(Work request) From the data that follows, print exactly the lines starting at the one containing "Leviton Decora 15A" and ending at the one containing "120% Lino 120%"; include both of them and nothing more.

(Input)
────────
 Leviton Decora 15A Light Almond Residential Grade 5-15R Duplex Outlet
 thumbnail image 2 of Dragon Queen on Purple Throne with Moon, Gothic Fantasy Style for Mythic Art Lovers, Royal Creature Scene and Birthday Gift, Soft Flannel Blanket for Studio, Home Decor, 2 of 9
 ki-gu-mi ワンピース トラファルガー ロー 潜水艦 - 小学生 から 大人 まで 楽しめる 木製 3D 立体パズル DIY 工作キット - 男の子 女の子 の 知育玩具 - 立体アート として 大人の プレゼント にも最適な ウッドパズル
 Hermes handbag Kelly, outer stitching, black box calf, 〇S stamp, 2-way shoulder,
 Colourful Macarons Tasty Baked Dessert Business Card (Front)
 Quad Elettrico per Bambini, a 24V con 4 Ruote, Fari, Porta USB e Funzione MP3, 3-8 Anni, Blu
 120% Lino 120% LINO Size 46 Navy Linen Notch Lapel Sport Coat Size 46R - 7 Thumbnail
────────
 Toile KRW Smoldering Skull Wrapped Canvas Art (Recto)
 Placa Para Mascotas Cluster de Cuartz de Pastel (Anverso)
────────
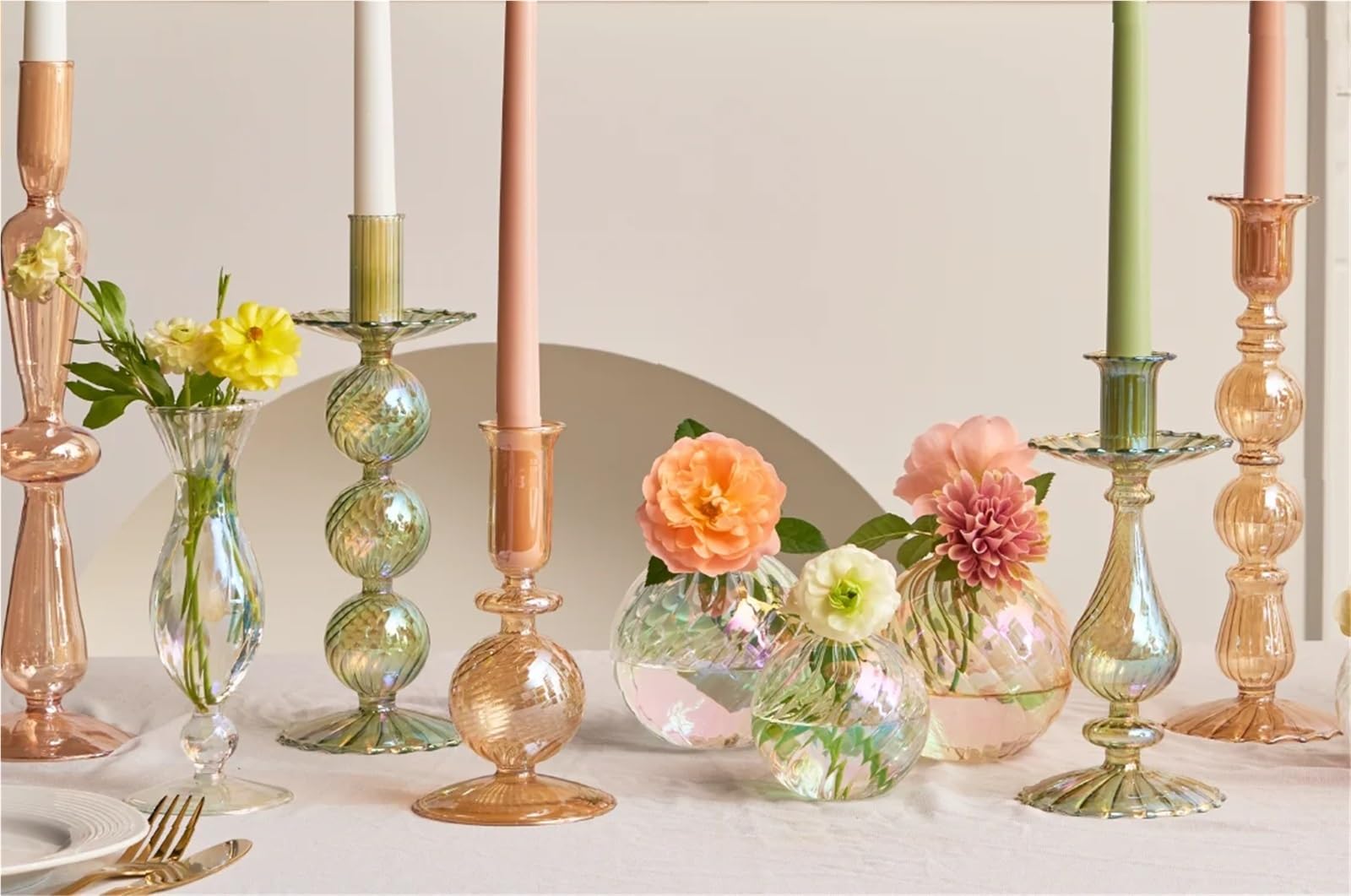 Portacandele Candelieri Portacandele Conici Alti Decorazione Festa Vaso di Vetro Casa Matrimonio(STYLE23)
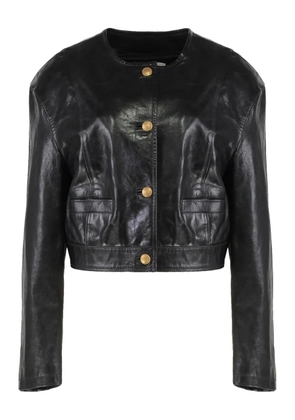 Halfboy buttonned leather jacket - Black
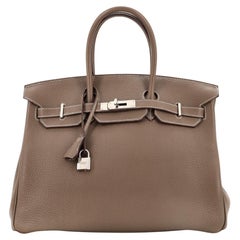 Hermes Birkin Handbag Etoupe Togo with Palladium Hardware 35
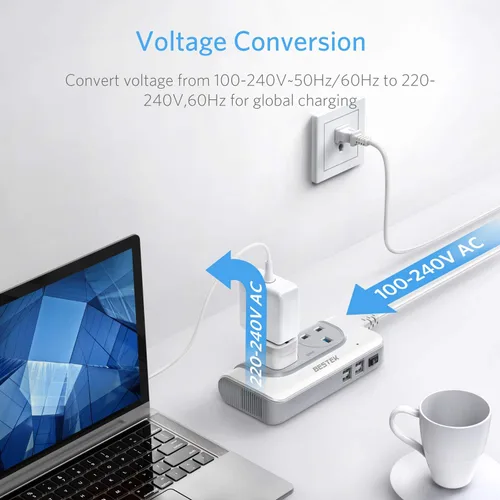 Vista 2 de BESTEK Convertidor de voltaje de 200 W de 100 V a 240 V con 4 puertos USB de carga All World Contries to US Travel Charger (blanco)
────────
(Solution to this exercise)
 Leviton Decora 15A Light Almond Residential Grade 5-15R Duplex Outlet
 thumbnail image 2 of Dragon Queen on Purple Throne with Moon, Gothic Fantasy Style for Mythic Art Lovers, Royal Creature Scene and Birthday Gift, Soft Flannel Blanket for Studio, Home Decor, 2 of 9
 ki-gu-mi ワンピース トラファルガー ロー 潜水艦 - 小学生 から 大人 まで 楽しめる 木製 3D 立体パズル DIY 工作キット - 男の子 女の子 の 知育玩具 - 立体アート として 大人の プレゼント にも最適な ウッドパズル
 Hermes handbag Kelly, outer stitching, black box calf, 〇S stamp, 2-way shoulder,
 Colourful Macarons Tasty Baked Dessert Business Card (Front)
 Quad Elettrico per Bambini, a 24V con 4 Ruote, Fari, Porta USB e Funzione MP3, 3-8 Anni, Blu
 120% Lino 120% LINO Size 46 Navy Linen Notch Lapel Sport Coat Size 46R - 7 Thumbnail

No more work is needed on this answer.